# What you will do:
I need the lines below from the one with "elektrische scooter klasse" down to the one with "Relógios apreendidos na Operação DRACO 89" reproduced exactly, both ends included, and nothing else.

# Records supplied:

· · · · ·

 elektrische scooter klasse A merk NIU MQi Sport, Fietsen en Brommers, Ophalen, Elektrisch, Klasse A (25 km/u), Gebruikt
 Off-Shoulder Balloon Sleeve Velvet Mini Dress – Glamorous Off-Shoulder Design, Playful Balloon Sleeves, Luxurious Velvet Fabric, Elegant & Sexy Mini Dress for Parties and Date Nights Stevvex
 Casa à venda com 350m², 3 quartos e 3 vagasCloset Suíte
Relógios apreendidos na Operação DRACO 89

· · · · ·

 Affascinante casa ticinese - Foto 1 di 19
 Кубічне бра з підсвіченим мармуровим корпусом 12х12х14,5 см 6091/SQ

· · · · ·

# Result of this task:
 elektrische scooter klasse A merk NIU MQi Sport, Fietsen en Brommers, Ophalen, Elektrisch, Klasse A (25 km/u), Gebruikt
 Off-Shoulder Balloon Sleeve Velvet Mini Dress – Glamorous Off-Shoulder Design, Playful Balloon Sleeves, Luxurious Velvet Fabric, Elegant & Sexy Mini Dress for Parties and Date Nights Stevvex
 Casa à venda com 350m², 3 quartos e 3 vagasCloset Suíte
Relógios apreendidos na Operação DRACO 89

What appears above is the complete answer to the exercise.